*** Data provided Section Begins ***
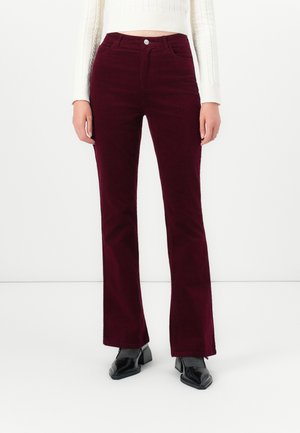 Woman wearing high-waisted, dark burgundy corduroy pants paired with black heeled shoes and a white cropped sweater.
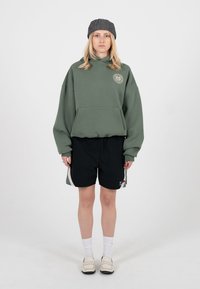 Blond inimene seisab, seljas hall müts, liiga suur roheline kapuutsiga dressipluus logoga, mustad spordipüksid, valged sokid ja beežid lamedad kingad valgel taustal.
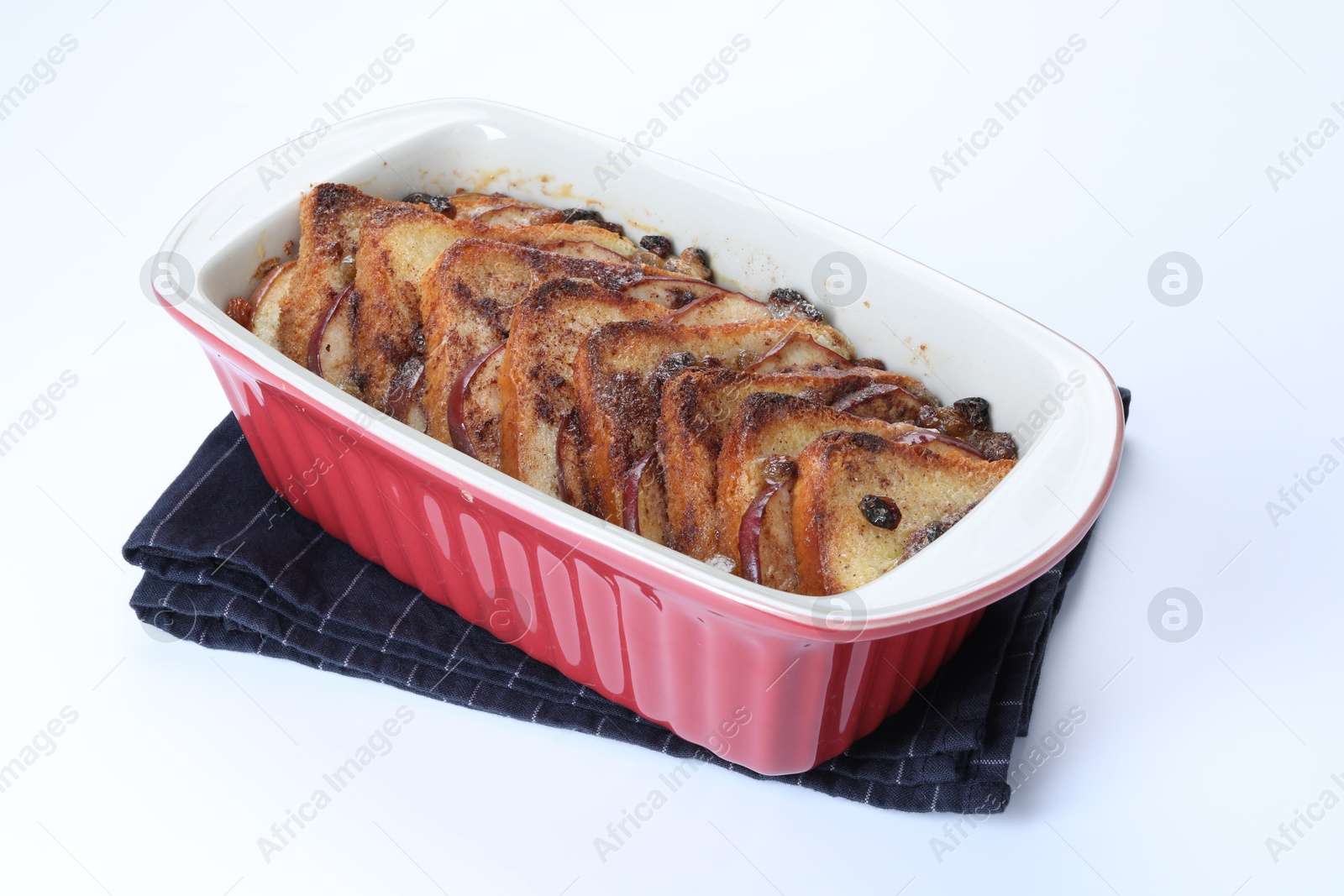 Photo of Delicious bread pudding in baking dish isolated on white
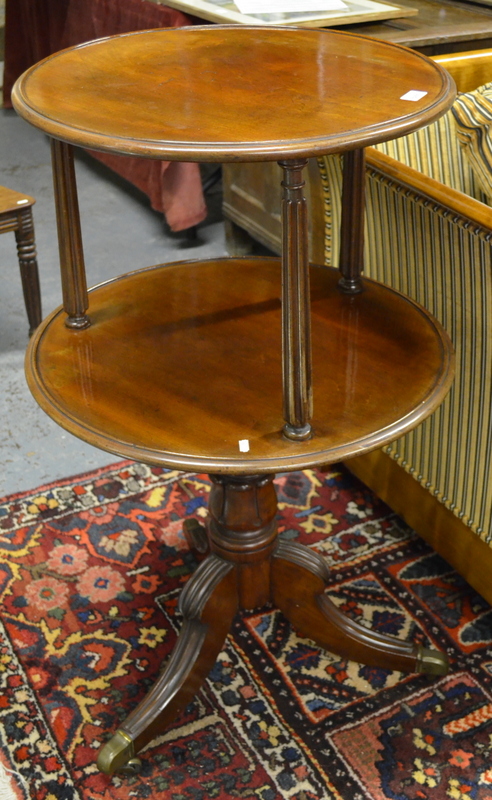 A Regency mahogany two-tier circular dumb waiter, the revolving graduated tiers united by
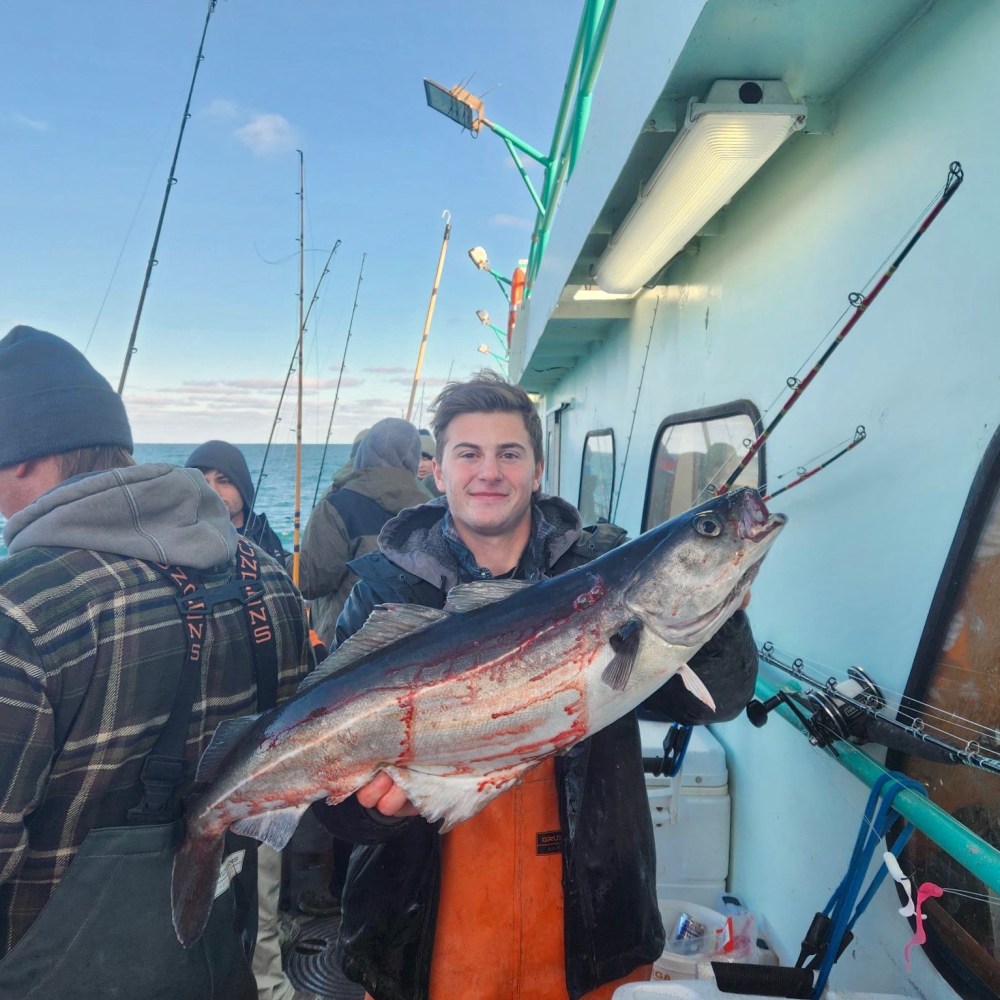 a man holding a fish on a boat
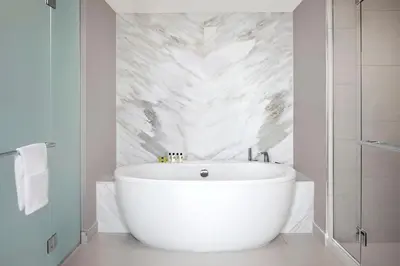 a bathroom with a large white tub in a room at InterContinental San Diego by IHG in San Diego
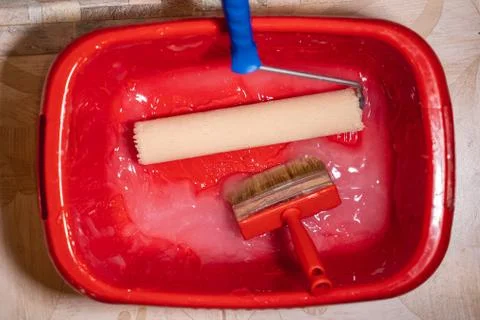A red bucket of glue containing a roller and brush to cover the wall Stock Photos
*** Data provided Section Ends ***
Activity: Leave out the pictures and reproduce the rest of the listing exactly.

Final answer:
 Woman wearing high-waisted, dark burgundy corduroy pants paired with black heeled shoes and a white cropped sweater.
 Blond inimene seisab, seljas hall müts, liiga suur roheline kapuutsiga dressipluus logoga, mustad spordipüksid, valged sokid ja beežid lamedad kingad valgel taustal.
 Photo of Delicious bread pudding in baking dish isolated on white
 A Regency mahogany two-tier circular dumb waiter, the revolving graduated tiers united by
 a man holding a fish on a boat
 a bathroom with a large white tub in a room at InterContinental San Diego by IHG in San Diego
A red bucket of glue containing a roller and brush to cover the wall Stock Photos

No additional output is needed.